While I don' take strenuous objection to "(Almost) every argument made from the (American) (L)eft involves some kind of appeal to emotion(al) fallacy." it is also (generally) that "Almost every argument made from the American _Right_ involves some kind of appeal to emotional fallacy.".

It is also true that "The American Left" is, in general (and as far as any effective political clout is concerned) on the "right" side of the political spectrum is you consider the entire political spectrum including countries other than the United States of America.

No they are on the left side.
 
As a sufficient but not necessary condition, if the United States Constitution literally calls it a right, it's a right.
Call it a right, call it a privilege, call it a tuna salad sandwich, there is no general protection of it contained in the Constitution. There are amendments that prohibit using certain criteria as a basis to deny the franchise (age, sex, previous condition of servitude, etc.), but that's all. In fact, the Fourteenth Amendment explicitly contemplates the denial of the franchise to whole swaths of the population:
US Constitution said:
Representatives shall be apportioned among the several states according to their respective numbers, counting the whole number of persons in each state, excluding Indians not taxed. But when the right to vote at any election for the choice of electors for President and Vice President of the United States, Representatives in Congress, the executive and judicial officers of a state, or the members of the legislature thereof, is denied to any of the male inhabitants of such state, being twenty-one years of age, and citizens of the United States, or in any way abridged, except for participation in rebellion, or other crime, the basis of representation therein shall be reduced in the proportion which the number of such male citizens shall bear to the whole number of male citizens twenty-one years of age in such state.
It may be an open question as to whether subsequent amendments prohibiting the denial of the franchise based on certain characteristics also changed how the reduction in representation is calculated, but that is of no consequence here. The states may deny the "right" to vote, or the "privilege" of voting, or the "casting of a tuna salad sandwich into the caster's preferred bucket" for any reason they wish, so long as that reason isn't one of the handful of prohibited reasons.
 
If they're not even serving terms then it's a poll tax, especially since it's arbitrarily applied. Nobody's forced to pay past parking tickets or back taxes in order to vote, but you have to pay back "felon fines?"
The entire system of denying voting rights based on criminal activity is arbitrary, since it's only felons who are so disenfranchised. But that doesn't matter. The Fourteenth Amendment explicitly provides for disenfranchisement based on criminal activity. Unless you think it mandates disenfranchisement for petty misdemeanors, the states are perfectly able to draw whatever line they wish, so long as the line isn't based on one of the criteria prohibited by subsequent amendments. In fact, states have previously prohibited persons from voting even if their crime wasn't a felony but instead a misdemeanor crime involving moral turpitude. I'm not sure if any still do, or if there was a subsequent court case mandating only felons are subject to the clause, but the fact remains that disenfranchisement for crime is allowed, even if somewhat arbitrary.

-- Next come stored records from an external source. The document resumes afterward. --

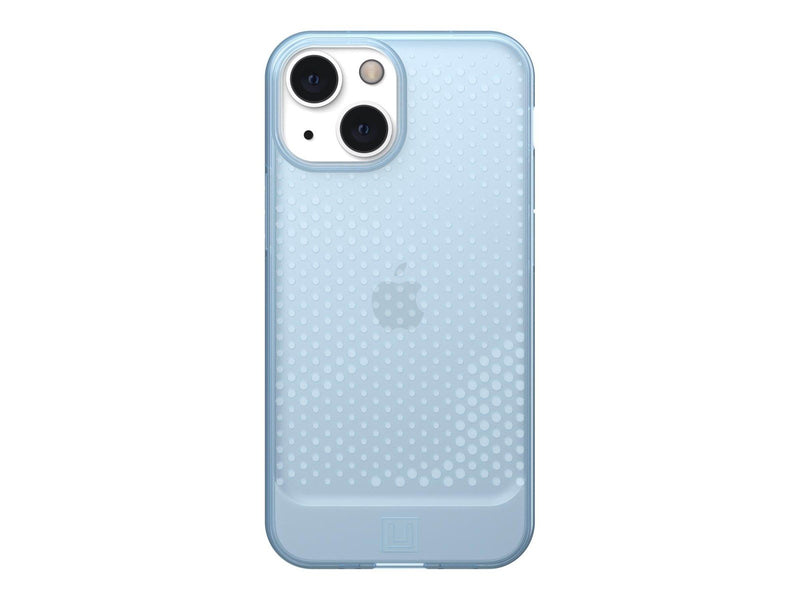 UAG Apple iPhone 13 Mini U Lucent Cover - Cerulean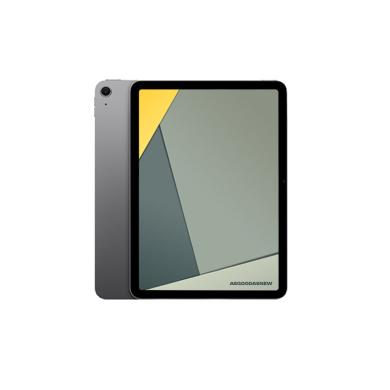 Apple iPad Air 11" Wi-Fi + Cellular 2026 (M4) 256GB space grau – Ansicht 1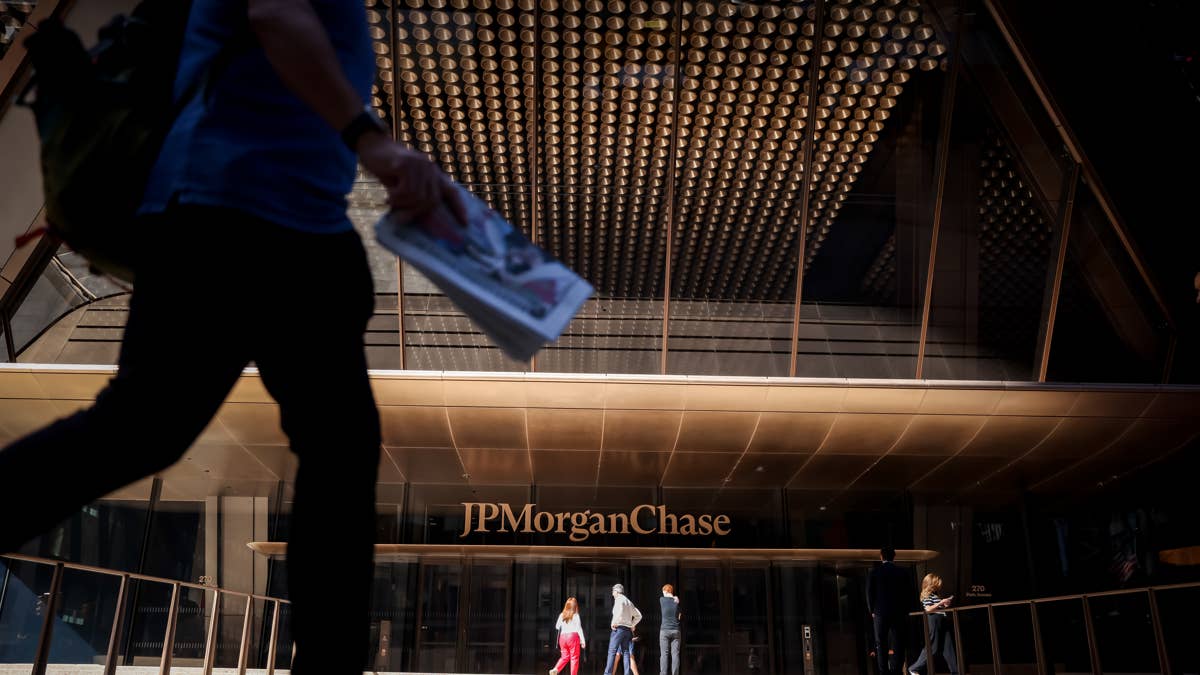 JPMorgan eyes $2 trillion as Europe ETF demand builds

As for "past parking tickets," absolutely the state can prevent you from voting. The state can use any method of determining who gets the franchise so long as that determination is not based on one of the prohibited characteristics laid out by the amendments. The state can say the only people who get to vote are persons born in December and that would be constitutional. Perfectly stupid, but also perfectly constitutional. The only consequence the state would suffer for such a bone-headed restriction would be a reduction in the population used to calculate House representation of about 92%, assuming an equal distribution of persons born in any particular month.

No one has to pay "back taxes" (or any tax, for that matter), as such a requirement is prohibited by the Twenty-Fourth Amendment.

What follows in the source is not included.